Ao contrário de Henrique e Telmo, Ana Rita Gomes é ainda uma novata no que concerne à mobilidade elétrica, mas a possibilidade de circular com o carro de família tem vindo a ceder-lhe alguma experiência. “Foi o meu pai que o adquiriu em 2020, através da empresa dele, porque temos benefícios fiscais se comprarmos um elétrico”, como por exemplo o retorno do imposto. Até à data conduzia um Citroen C3 “mais velhote”, a gasóleo. “Nota-se completamente a diferença. Era de 2005, fazia muito barulho, às vezes as peças saíam, a direção assistida chegou a deixar de funcionar”, lembra. Afirma que, apesar de ser um veículo bastante poupado, a alternativa elétrica ficou mais em conta. “Como estou sempre a carregar em casa a conta da luz é um bocadinho maior, mas fica mais barato”, explica.

A empresária admite ser favorecida pelo facto de viver na vivenda dos pais, em Azeitão, ao contrário de outros condutores que não possuem um lugar de estacionamento privado. São cerca de 80 euros a mais na fatura da eletricidade para carregar regularmente na totalidade, mas num posto de carregamento público o valor pode chegar aos quatro euros por apenas uma hora, e para cerca de 20% de bateria. “Esse valor ainda é qualquer coisa, por isso há pessoas que vão tentar contornar as regras para poupar mais um pouco” diz, referindo-se aos carregamentos proibidos na via pública.  

Ainda assim, assume dificuldades em encontrar postos de carregamento durante viagens de longo curso, em autoestrada. “Muitas vezes as estações de serviço dizem que têm carregadores, e quando lá chego não estão a funcionar”, conta.

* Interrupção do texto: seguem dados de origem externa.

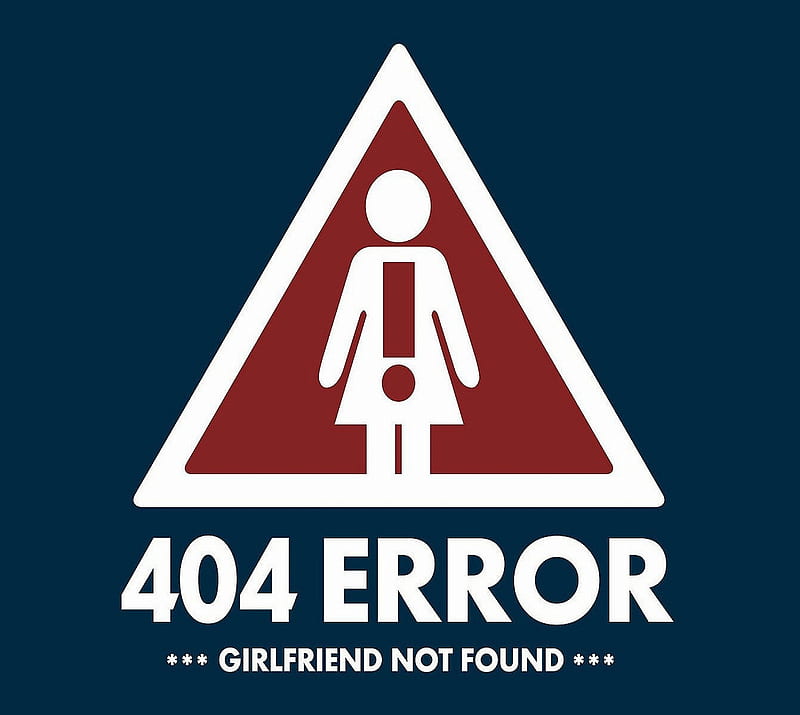 Girl was not found, HD wallpaper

Telmo Azevedo refuta esta ideia. “Já existem várias aplicações que nos mostram a que horas é que esteve ligado, quando é que foi usado, a última vez que foi usado e se está a comunicar. Isso é muito importante para a pessoa sentir segurança antes de fazer a viagem”. Empresas como a EDP, a Miio, e as próprias marcas dos automóveis oferecem atualmente esse mecanismo.

No final de contas, considera que não há justificações para não adquirir um veículo elétrico, a menos que as alternativas sejam, claro, os transportes públicos. Refere inclusivamente opções em segunda mão, essencialmente compradas no estrangeiro, que respondem aos diferentes orçamentos dos consumidores. “Além do custo ser mais barato do que os combustíveis, não pagam estacionamento em Lisboa, os custos de manutenção são inferiores, não pagam IUC” e, acima de tudo, “a plenitude que sentimos a conduzir, parecendo que não, é muito importante”.